この時、ご自身がお仕事のために努力している内容を伝えるのもポイントです。例えば、次のような内容です。
- 主治医と相談し、できるだけ勤務に支障が出ないよう受診日や時間を調整している
- 病院の待ち時間で電話対応や書類作成ができる
- 〇〇さんには不妊治療を受けていることを相談している
要望を伝えるだけでなく、あなた自身が努力をしている、あるいはその準備があると伝えることで、職場の方はあなたが頑張っている状況を理解しやすくなります。すると、心情的にも協力しやすくなるかもしれません。
「いつまで続く?」と聞かれた時の切り替えし方
妊活がいつまで続くのか、いちばん知りたいのはあなたご自身ですよね。不妊治療について詳しくない方からすれば、期間の見通しがあれば支援しやすいから、良かれと思って質問したくなってしまうのでしょう。

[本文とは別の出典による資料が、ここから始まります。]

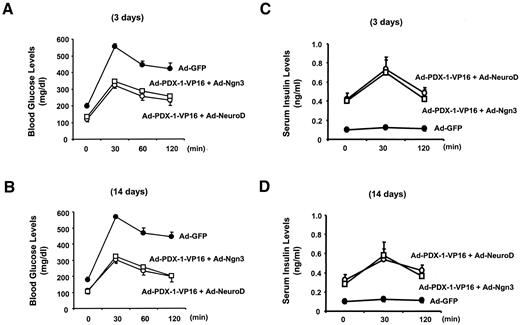 FIG. 11. Adenoviral PDX-1/VP16 expression in the liver, together with NeuroD or Ngn3, markedly ameliorates glucose tolerance in diabetic animals. Male C57BL/6 mice were made diabetic with STZ and 1 week later were infected with Ad-GFP or Ad–PDX-1/VP16 plus Ad-NeuroD or Ad-Ngn3 (1 × 1010 PFU/ml). An intraperitoneal glucose tolerance test was performed 3 and 14 days after the adenovirus infection. Blood glucose levels (A and B) and serum insulin levels (C and D) were measured 3 and 14 days after the adenovirus infection. •, Ad-GFP; ○, Ad–PDX-1/VP16 plus Ad-NeuroD; □, Ad–PDX-1/VP16 plus Ad-Ngn3. Data are means ± SE (n = 4).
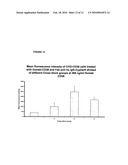 HIGH THROUGHPUT METHODS FOR CHARACTERIZATION OF ANTIBODIES diagram and image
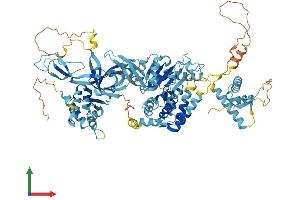 Protein Structure (PS) image for Minichromosome Maintenance Complex Component 6 (MCM6) (AA 1-821) protein (His tag) (ABIN7554505)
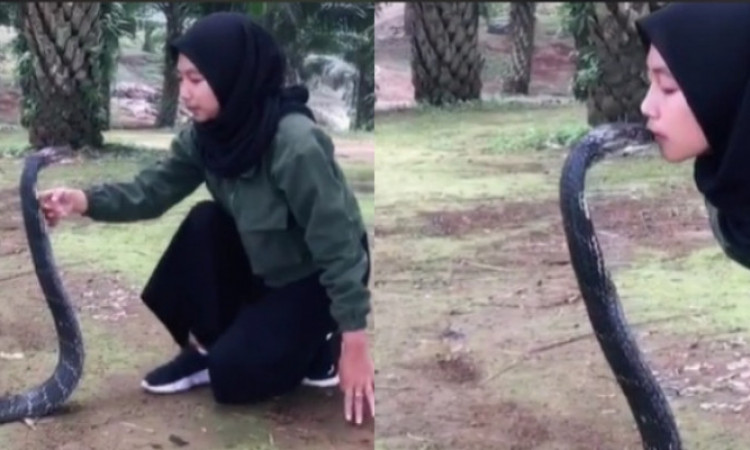 Mesra dengan King Cobra, Wanita Ini Viral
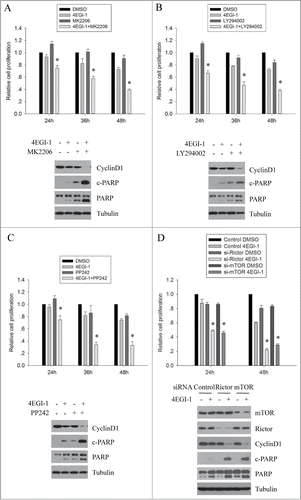 Figure 5. 4EGI-1-induced Akt feedback activation counteracts its anticancer effects in vitro. Both MCF7 cells were seeded in 96-well plates. On the second day, they were treated with DMSO, 50 μM 4EGI-1, 0.1 μM MK2206 (A), 5 μM LY294002 (B) or 0.25 μM PP242 (C) individually or in combination for 24, 36 or 48 h. Cell proliferation was determined using the CCK8 assay. Relative proliferation was expressed as fold change vs. the corresponding control (DMSO). All experiments were repeated 3 times. *P < 0 .05, compared to the control. MCF7 cells were treated with DMSO, 50 μM 4EGI-1, 0.1 μM MK2206 (A), 5 μM LY294002 (B) or 0.25 μM PP242 (C) individually or in combination for 12 h and harvested for protein gel blot analysis using indicated antibodies. (D) Control, Rictor or mTOR siRNA transfected MCF7 cells were treated with DMSO or 50 μM 4EGI-1 for 24 and 48 h. Cell proliferation was measured by the CCK8 assay and the cell number was normalized to the corresponding control. The data presented are the mean from 3 independent experiments. *P < 0.05, when compared to the control. For western blot analysis, control, Rictor or mTOR siRNA transfected MCF7 cells were treated with DMSO or 50 μM 4EGI-1 for 12 h and then harvested to prepare whole cell protein lysates.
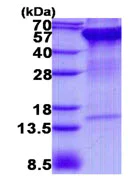 SDS-PAGE - Recombinant Human RPN2 protein (His tag N-Terminus) (AB139620)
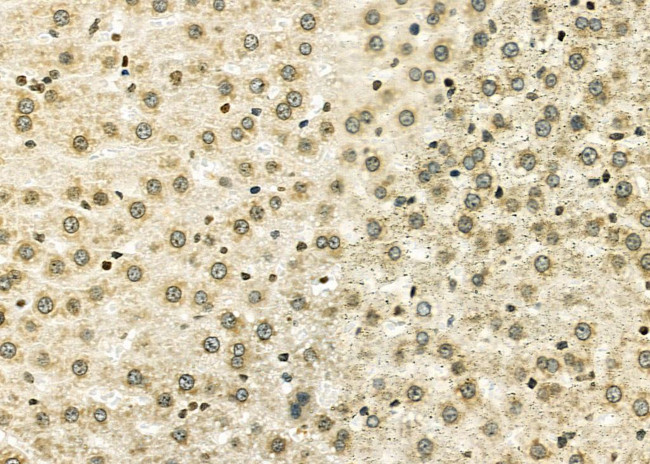 NKX6-2 Antibody in Immunohistochemistry (Paraffin) (IHC (P))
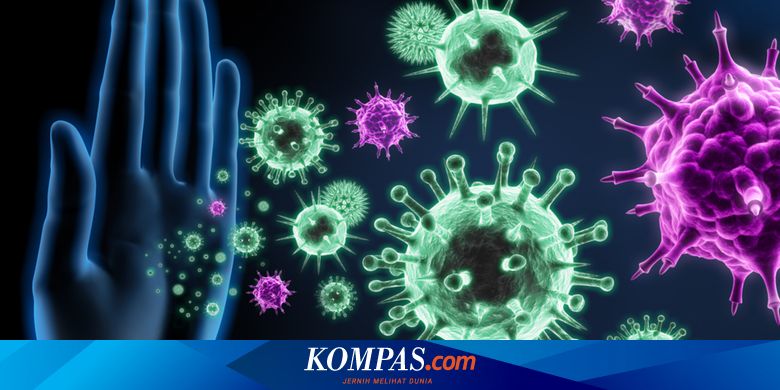 Berikut Cara Sistem Imun Tubuh Melawan Virus Corona Halaman All Kompas Com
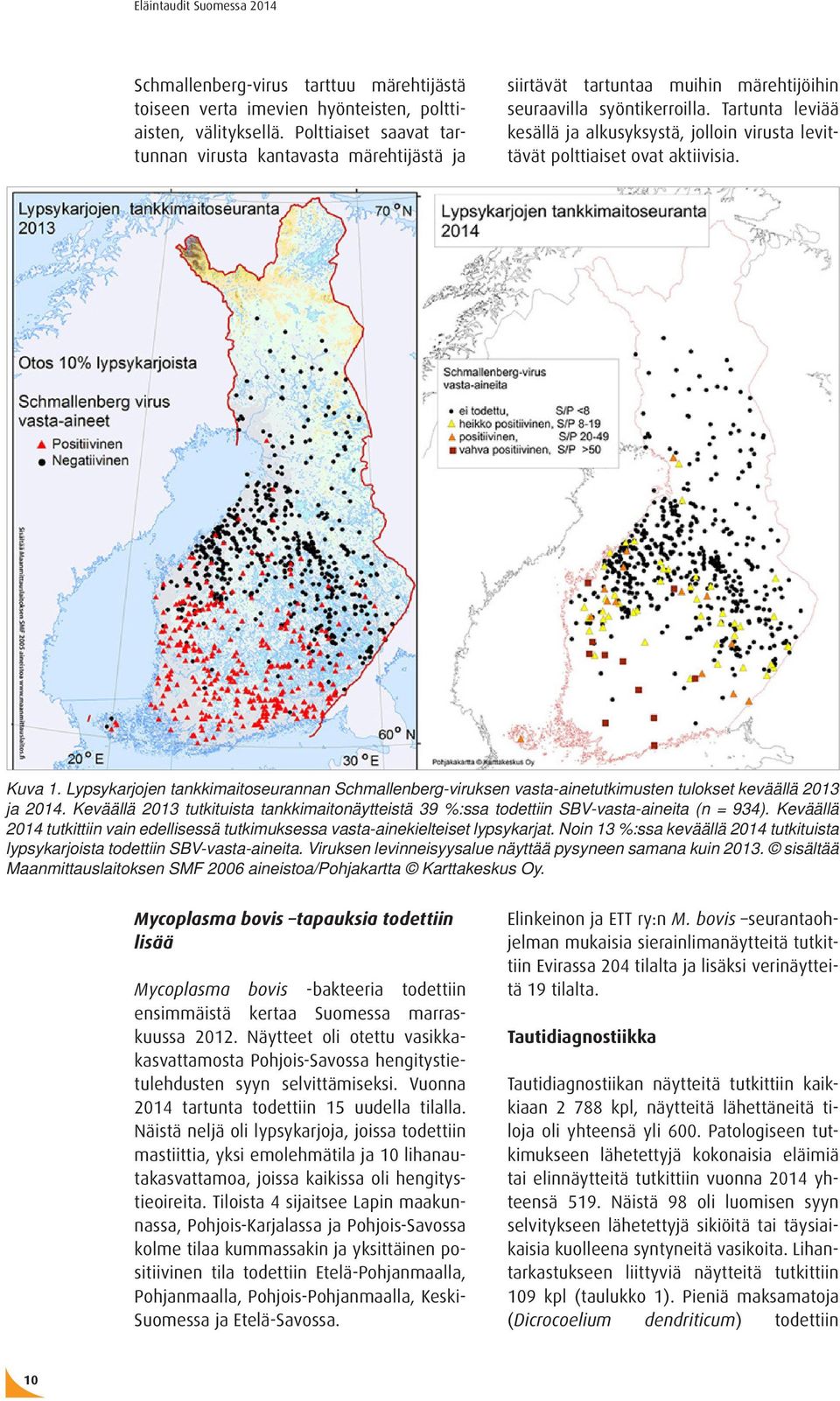 Tartunta leviää kesällä ja alkusyksystä, jolloin virusta levittävät polttiaiset ovat aktiivisia. Kuva 1.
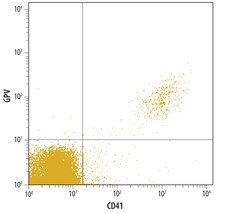 Human Glycoprotein V/CD42d Antibody, R D Systems 100&mu;g; Unlabeled:Antibodies,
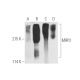 western blotting image from recommended MRP2 (G-1) monoclonal antibody replacement. Image 389911
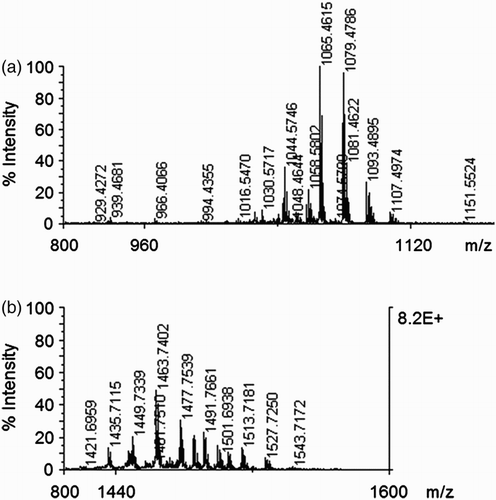 Figure 1. MALDI-TOF mass spectrometric of lipopeptide from Blu-v2. (a) Groups of peaks at m/z values between 1000 and 1150 attributed to the isoform ensembles of surfactins and iturins and (b) Groups of peaks at m/z values between 1420 and 1550 attributed to the isoform ensembles of fengycins.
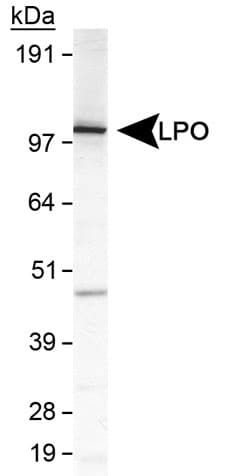 LPO / Lactoperoxidase Antibody (aa650-712)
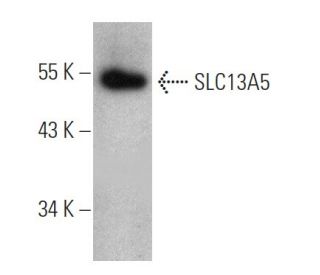 SLC13A5 Antibody (2G4) - Western Blotting - Image 368254 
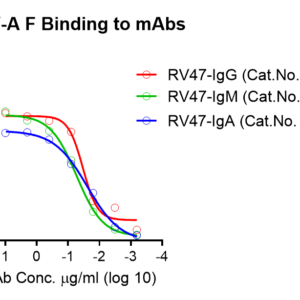 recombinant human anti hmpv fusion igm antibody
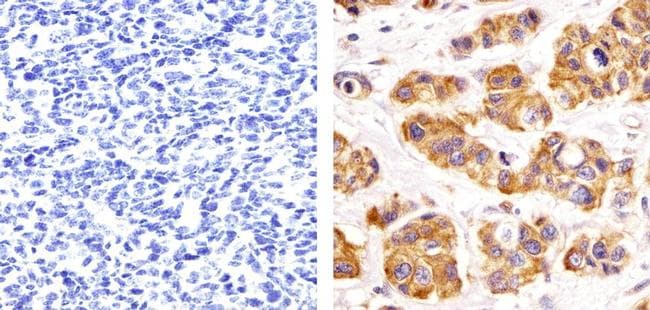 Monoclonal Mouse anti-Human PRMT3 Antibody (aa211-531)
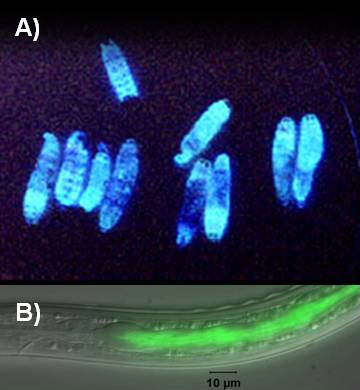 Вверху: гусеницы бабочки Galleria mellonella, убитые светящейся бактерией Photorhabdus luminescens. Внизу: те же бактерии, мирно живущие в кишечнике круглого червя Heterorhabditis bacteriophora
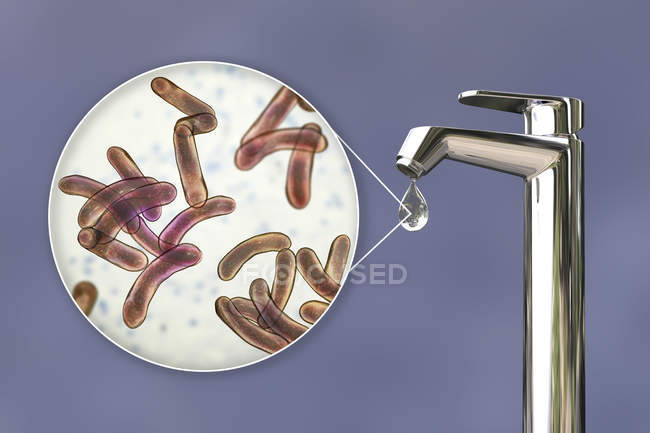 Conceptual illustration showing bacteria Vibrio cholerae in drop of water from tap. — Stock Photo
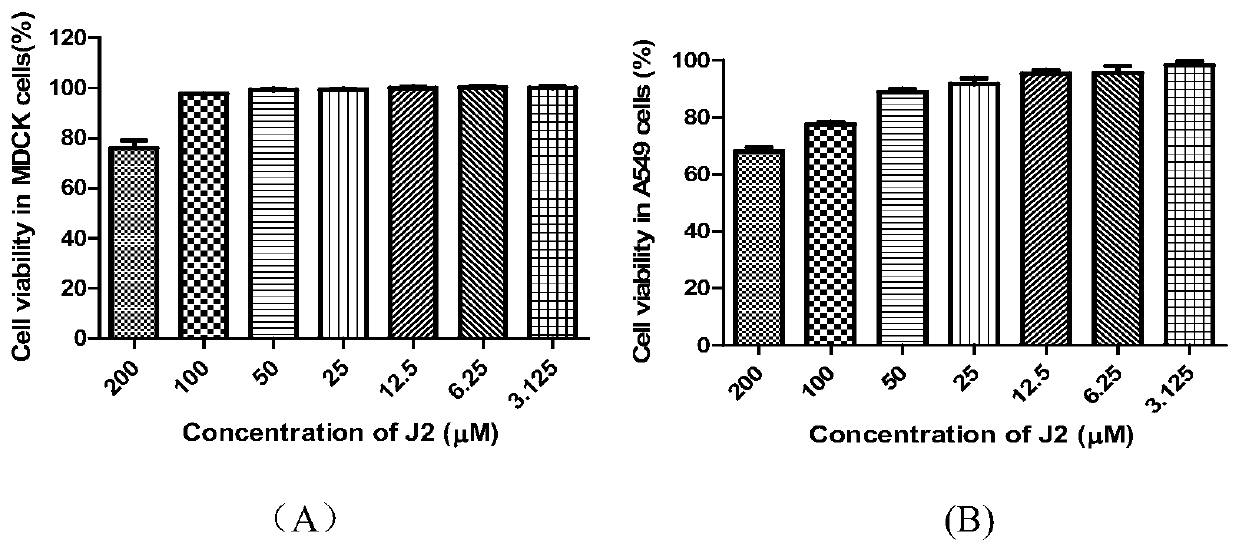 Application of 1,3-dihydroxy-6-benzo[c]chromenone in the preparation of anti-influenza virus drugs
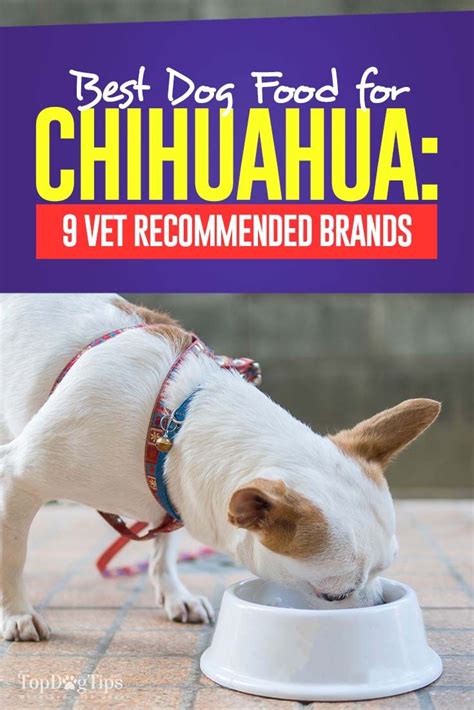 The primary source of protein is real chicken, which is very nutritious and dogs love it. 9 Vet Recommended Foods for Chihuahuas | Best dry dog food ...
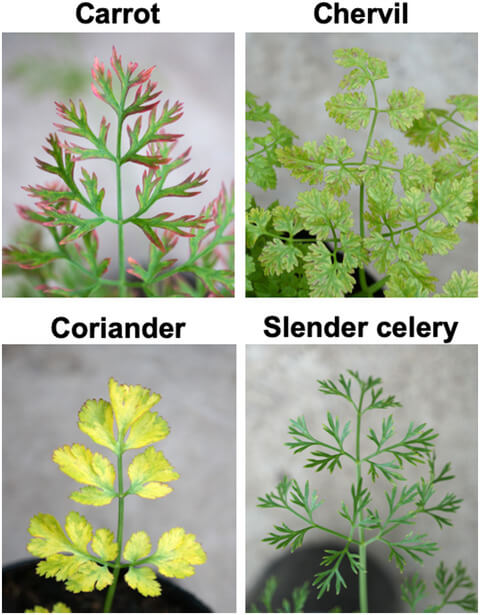 Virus de la marbrure de la carotte | idMicrobe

こればかりは誰にも分らないことですから、正直に「わかりません」と返して良いのではないでしょうか。このような質問をする意図を確認してみても良いでしょう。「いつまで続くかはわからないのですが、なにか期間に関係する問題が起きているのでしょうか?」など、質問してみましょう。また、相手に悪気はなくても当事者にとっては傷付く発言というのはありますよね。傷付いたとき、反射的に良い返しをするのは至難の業です。その場は笑ってごまかす、「主治医に聞いてみます」と回答を先送りにするなども、あなたの心を守るために大切なスキルですよ。
もしもあなたに対して「いつまで続くかわからないんじゃ困っちゃうよ…」など否定的な反応をされた場合、これはプレ・マタニティハラスメントにあたるかもしれません。我慢せず、しかるべき窓口に相談しましょう。